→ WHAT YOU SHOULD DO
Write out again only the lines between the one with "Euroboor 11036206113004 RAIL.360" and the end of the records below, both ends counted, and don't include the pictures.
(RECORDS PROVIDED)
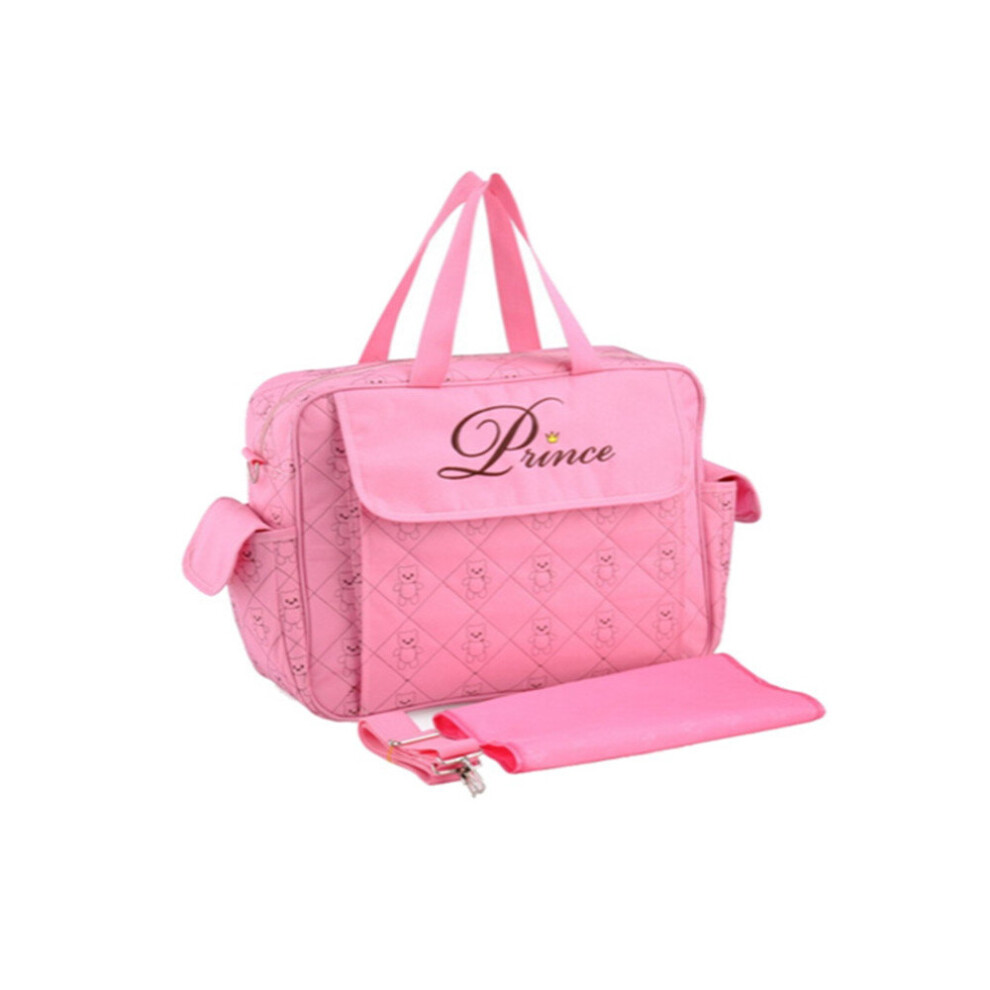 Enlarge Waterproof Mother Mummy Bag Multifunctional Durable Nappy Changing Diaper Bag Weekender Tote Collection Handbag Shoulder Bag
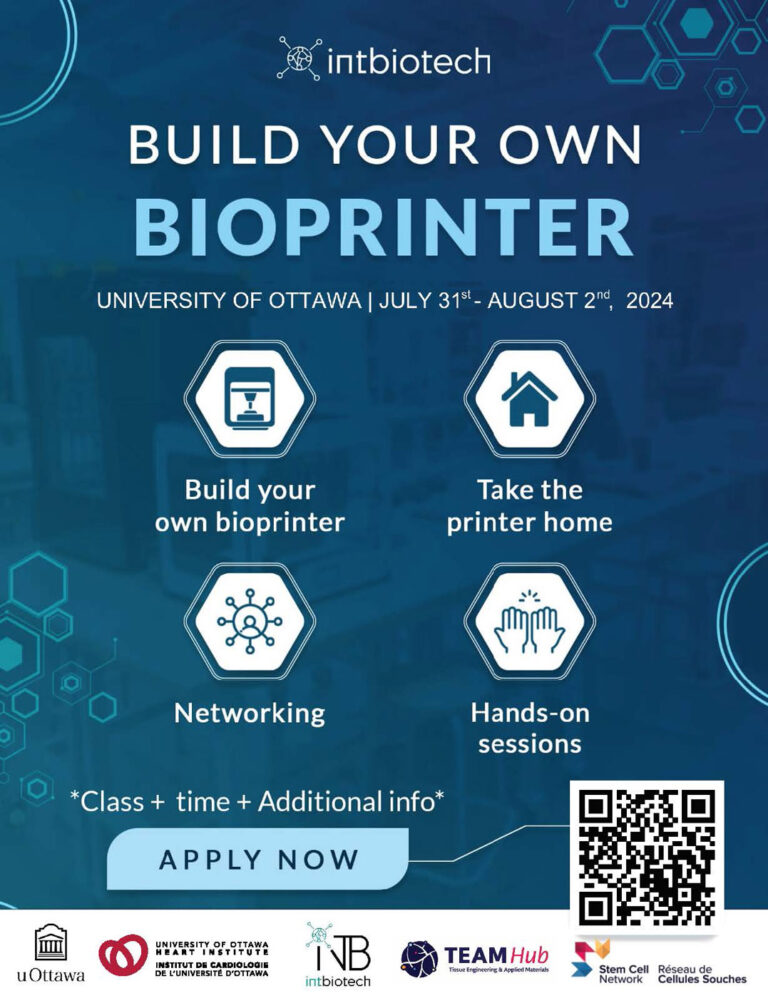 Build your own Bioprinter (2024-08)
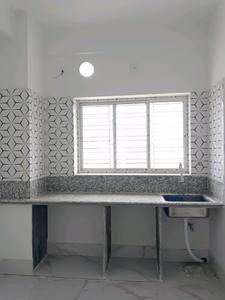 Kitchen Image of 750 Sq.ft 2 BHK Apartment / Flat for sale in Kamdahari Kolkata for Rs. 2800000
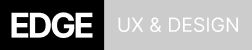 Edge UX & Design Logo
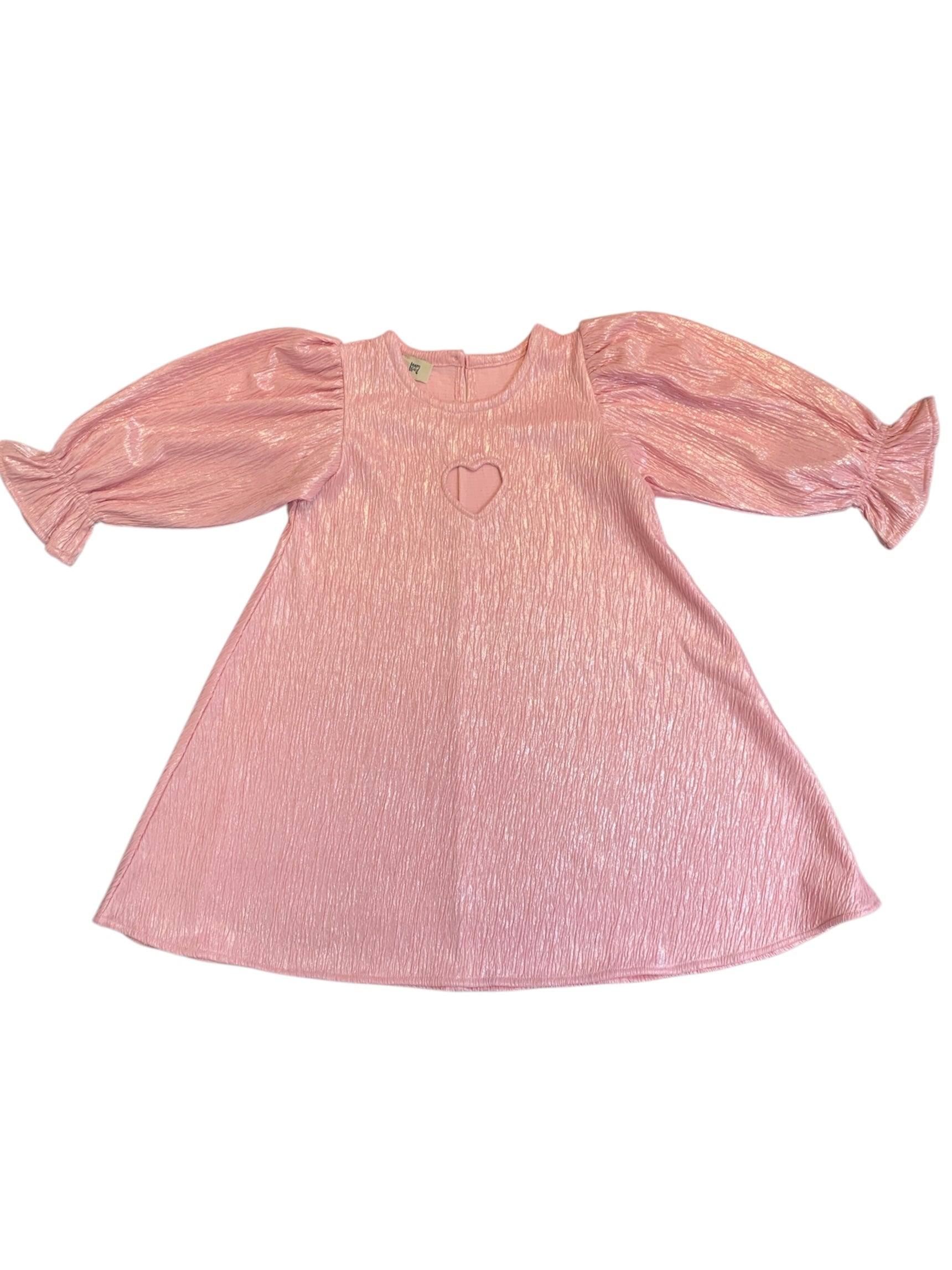 Pink Heart Dress - 12 Years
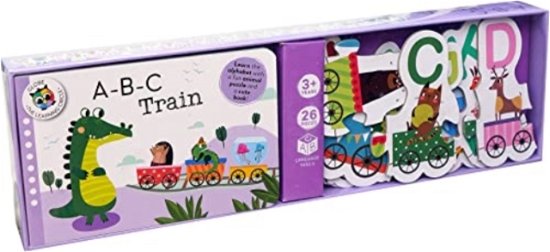 ABC Train - Learning Train - Anne Sofie Sternberg - Livres - Globe - 9788742553411 - 7 juillet 2022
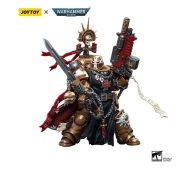Joy Toy Warhammer 40K Black Templars High Marshal Helbrecht 1/18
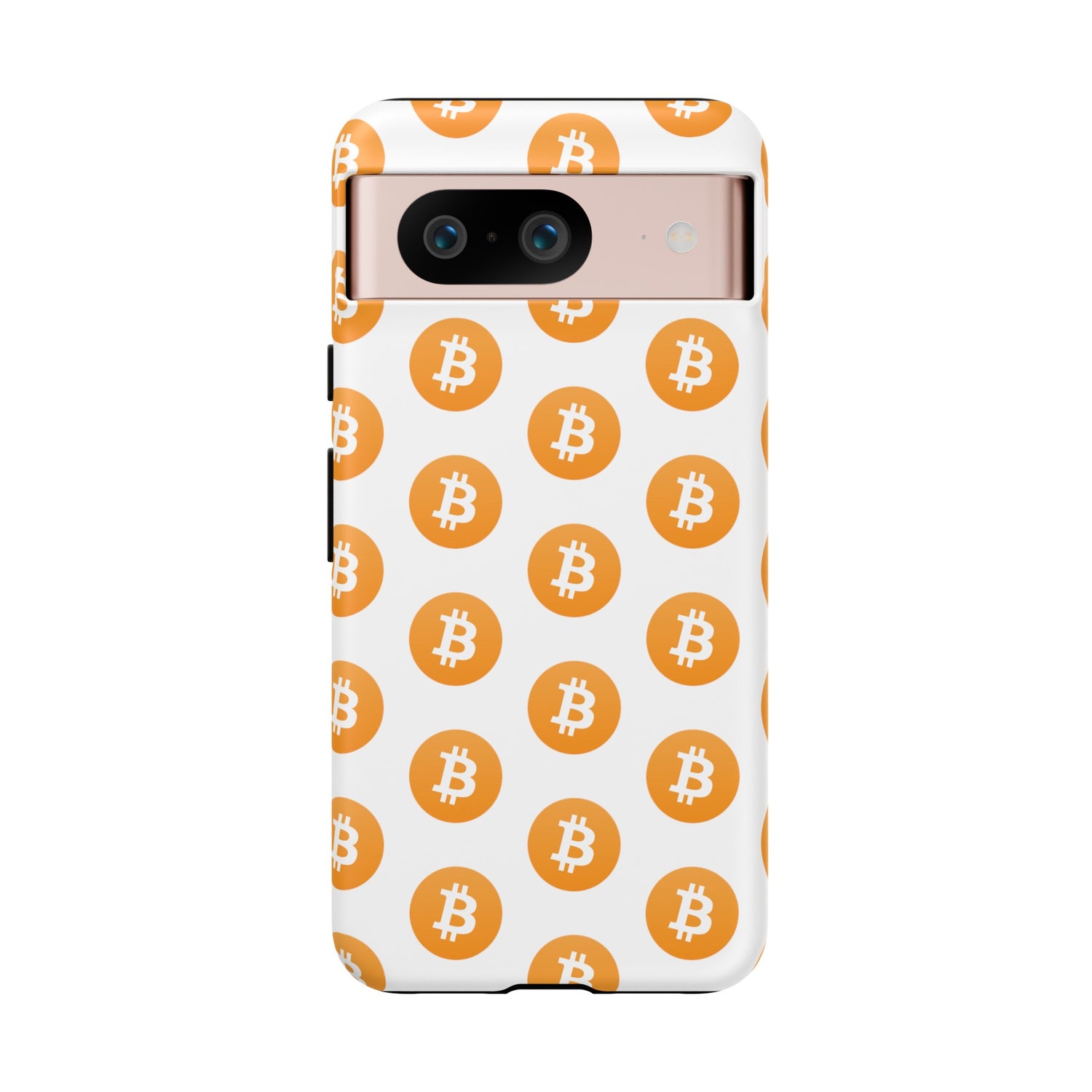 Phone Tough Case - Bitcoin White Background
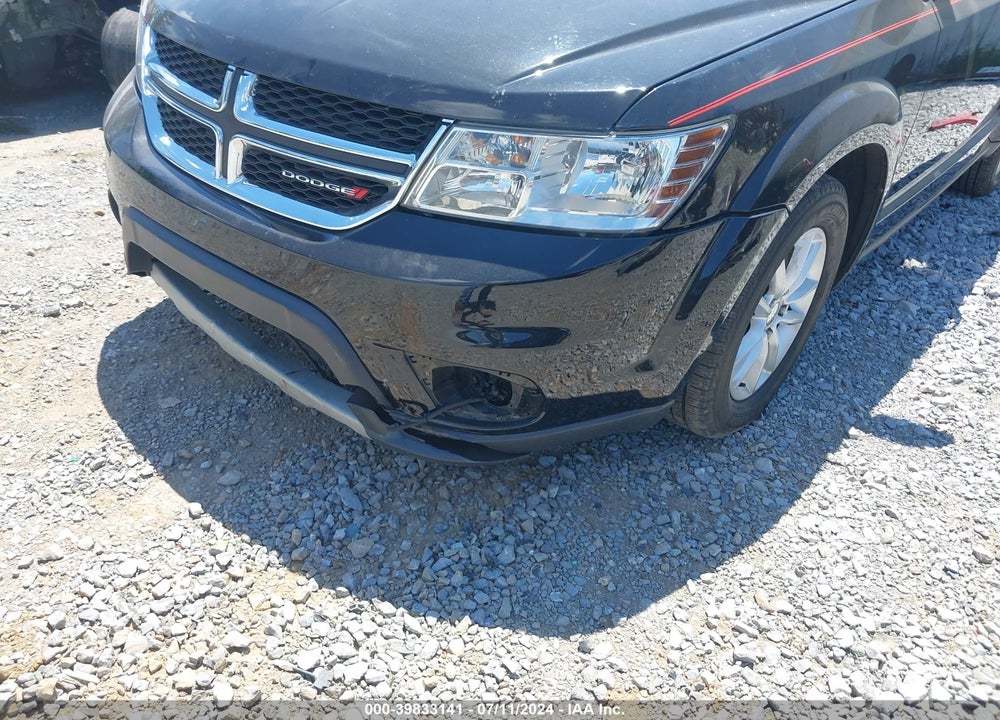 2014 DODGE JOURNEY SXT VIN: 3C4PDCBB1ET312034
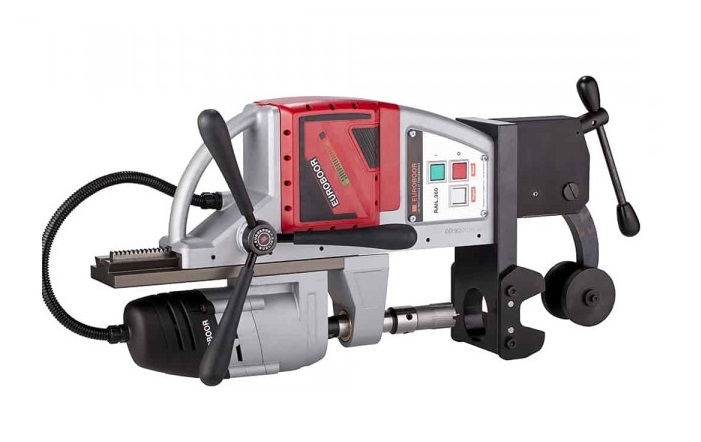 Euroboor 11036206113004 RAIL.360 Cordless rail drill, 36 mm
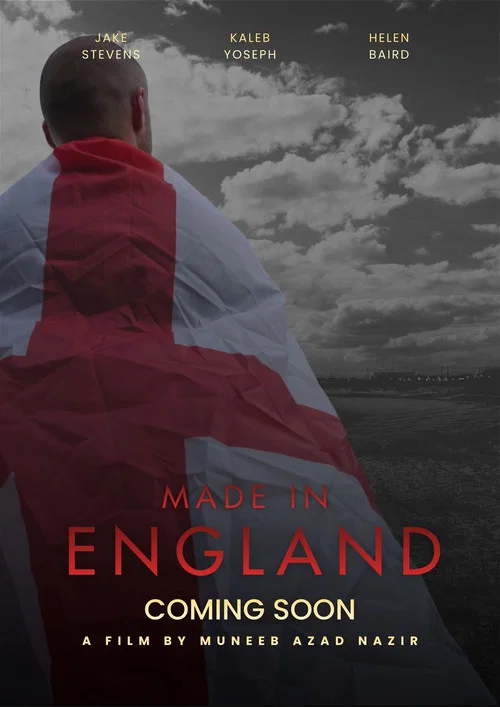 Made in England постер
(End RECORDS PROVIDED)
→ RESULT OF THIS EXERCISE
 Euroboor 11036206113004 RAIL.360 Cordless rail drill, 36 mm
 Made in England постер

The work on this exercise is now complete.